Nunca dá para entender o neonazismo, o nazismo ou o fascismo histórico sem entender que setores da direita liberal adotam isso como alternativa concreta.

Os bolsonaristas estão todos cientes do que estão apoiando?

O bolsonarismo tem duas camadas. A primeira é a da superfície, que é a da galhofa. Bolsonaro é um sincerão, fala o que pensa, sem ter medo do politicamente correto. É a camada do programa de auditório. A segunda é o subterrâneo. Foi aqui que se produziu o que estou chamando de epidemia do nazismo no Brasil. Bolsonaro queria manter as coisas abaixo da superfície. Mas ele perdeu a eleição. Aquela mediação do discurso entre a superfície e o subterrâneo desapareceu e o subterrâneo vem pra superfície como num jato de ideias muito explícito. Daí, há uma epidemia de nazismo — epidemia no sentido estrito da palavra, descontrolada, com reprodução local e sem que se saiba de onde surgiu. Não tenha dúvida alguma de que, até agora, quem está fazendo esses atentados nas escolas são incels. Mas quem está produzindo a ideia de que um pai que quer operar a vista do filho tem que ser impedido não é um incel. A questão é quando esse cara vai pegar uma arma e dar um tiro numa numa professora de história. É questão de tempo, vai acontecer. Estamos nesse momento muito perigoso. Sem nenhum controle. Eduardo Bolsonaro está no Qatar, Filipe Martins está submerso. [As pesquisadoras] Adriana Dias e Michelle Prado, que fazem o mapeamento dos movimentos e das células neonazistas, estão localizando que quem está pegando em armas e entrando nas escolas são os incels. Mas ambas estão dizendo que em breve não serão só eles. E o Brasil virou uma Disneyândia do nazismo, tem grupos inteiros vindo pra cá. A extrema direita europeia olha para o Brasil e para Bolsonaro como um projeto.

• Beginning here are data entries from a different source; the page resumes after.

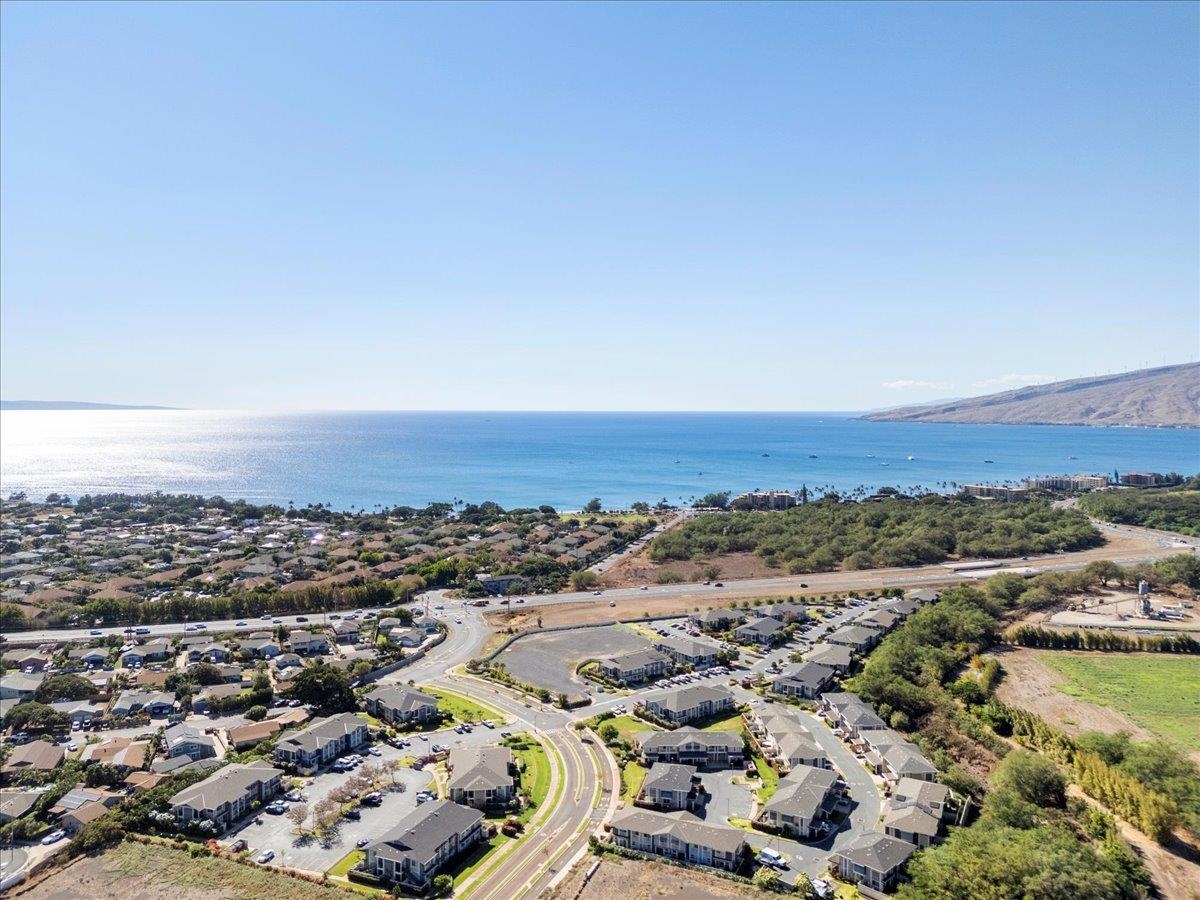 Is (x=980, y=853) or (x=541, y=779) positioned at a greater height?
(x=980, y=853)

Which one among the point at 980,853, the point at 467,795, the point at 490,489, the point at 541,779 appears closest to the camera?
the point at 980,853

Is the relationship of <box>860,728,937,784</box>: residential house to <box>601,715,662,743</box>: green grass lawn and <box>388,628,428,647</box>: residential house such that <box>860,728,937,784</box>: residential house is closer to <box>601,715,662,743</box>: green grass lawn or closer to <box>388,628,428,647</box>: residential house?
<box>601,715,662,743</box>: green grass lawn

A memória do nazismo na Europa inviabiliza os projetos locais? É por isso que Brasil e Estados Unidos, com Donald Trump confraternizando com supremacistas brancos, ficam tão à vontade?

Novamente, a História não ensina, o que ensina é política de memória. A Alemanha tem uma política de memória que está encarcerando nazistas desde 1953. Está produzindo uma reflexão muito importante sobre o nazismo nas escolas desde 1951. Os nazistas ali não prosperam. E os que prosperam vêm para o Brasil, como no caso do setor mais extremista do partido da Beatrix von Storch, o Alternativa para a Alemanha. Mas há outros países na Europa onde perspectivas de extrema direita e neofascistas estão acontecendo de maneira bem explícita, como na Hungria, Itália e Suécia. A presença de vítimas do nazismo no território não produz uma vacina contra o neonazismo. Mas há características dentro de Estados Unidos e Brasil, características históricas, que justificam a ascensão. Tanto Brasil quanto EUA têm memórias de passado recente, ao contrário dos países da Europa que são capazes de produzir uma espécie de vínculo de continuidade com um passado imemorial. Isso tem a ver com a presença da percepção de destino manifesto. A ideia de que quem criou Brasil e EUA foram os brancos. E os negros e os outros que vieram depois estragaram o país. Onde houve a expansão dos assassinos de indígenas no século XVI e XVII, é justamente onde Bolsonaro continua ganhando as eleições no segundo turno. Isso não é casual. A ideia de que a expansão econômica brasileira podia utilizar-se de mão de obra escrava, mesmo quando isso já era ilegal no próprio país, deixa marcas na história do país. O discurso que acabou produzindo o bolsonarismo, do aeroporto que virou rodoviária, da empregada doméstica ganhando um direito de civil, indo pra Disney, a ideia de que pobre não pode ir pra universidade... Em 2018, no Roda Viva, Bolsonaro disse em cadeia nacional que não houve escravidão no Brasil. Esse discurso do bolsonarismo acabou produzindo a possibilidade de que ele crescesse no país que tem uma classe média branca ressentida das políticas públicas de inclusão social . Isso também nos Estados Unidos.